Are French feminists, in the post-DSQ uprising, taking the same etymological liberties? The story I heard on NPR yesterday roused my suspicions (as any too-good-to-check etymology should do). There’s a campaign to create a Gallic equivalent of Ms., freeing French women from the stark choice between Madame (married) and Mademoiselle (not). And spokeswoman Marie-Noelle Bas, arguing the case, told the reporter why mademoiselle was offensive: “oiselle in French is the feminine of oiseau [bird]. And in ancient French, that means virgin, that means stupid, that means somebody who needs to be married."

Well, my Larousse tells me that oiselle does indeed mean “jeune fille naive, niaise” -- a naive or silly girl. (I'll take Bas's word for the "needing to be married" connotation, which is plausible enough.) But does the word have anything to do with mademoiselle?

I don’t think so. Oiselle, says Larousse, comes from the Latin aucellus, the diminutive form of avis (bird). Demoiselle (the source of English damsel) is derived from the Latin dominicella, diminutive of domina, lady (of the house), mistress, female boss. The shared syllables in oiselle and mademoiselle seem to show only that both are descended from diminutive forms, not that they're closer relatives than, say, marionette and lunette, or mozzarella and patella.

But if I’m missing something, dear Francophone readers and scholars, do let me know.


Jonathon said...

I took only a couple of years of French, so I'm no expert, but that matches my understanding of the word. Mademoiselle is essentially just a diminutive of madame.

Kay L. Davies said...

I agree with Jonathon.
"Madame" is "ma dame" or "my lady" or "my woman".
"Mademoiselle" is "ma demoiselle" or "my young lady" or "my young woman".
It's the "my" they should be worried about, if anything, instead of rabbiting on about birds.
Why don't they just use "Ms" as English speakers have been doing for a number of years now, without imagining ourselves to be a manuscript.

Kay, Alberta, Canada
An Unfittie’s Guide to Adventurous Travel

The Ridger, FCD said...

Well, the "mon" in "monsieur" is equivalent to the "ma" in the others, so no worries there.

What I wonder is what these people think the "de" means, if "Mademoiselle" means "My de little bird"?
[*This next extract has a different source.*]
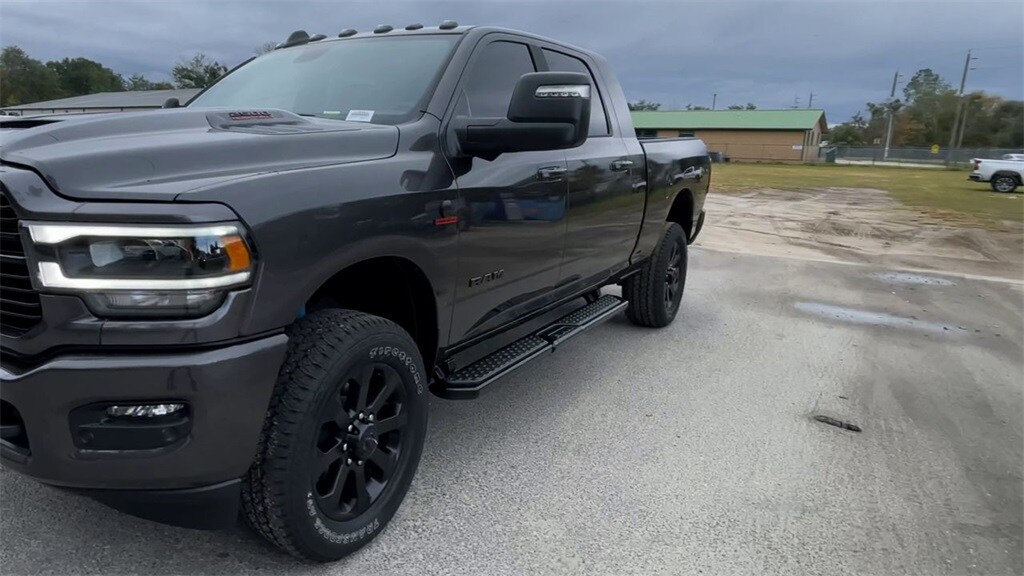 2024 Ram 2500 Laramie photo 4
I more seriously wonder if "oiselle" and "bird" as a slang term for a young woman are related in any way?

Marc Leavitt said...

Pace Mme. Bas, this is exactly parallel to the idiocy of complaining about "his"tory. The French are perfectly capable of coming up with a Gallic version of Ms.

Cluisanna said...

The problem is not what roots this word has - the problem is the same as with "Miss" and "Mrs", that there are only two categories of women: daughters (of fathers) and wifes (of husbands). Men are always referred to as Mr., just like they keep their name when getting married, because in the mindset that shaped these terms, women belong to men, and the most important event in the life of a woman is her marriage.
I think we can all agree that those are pretty outdated ideas.

Anonymous said...

When I spent a year in Francophone Switzerland as a student nearly 40 years ago, I was sometimes addressed in shops etc. as "Madame". So even in those days French speakers were starting to address all women in the same way.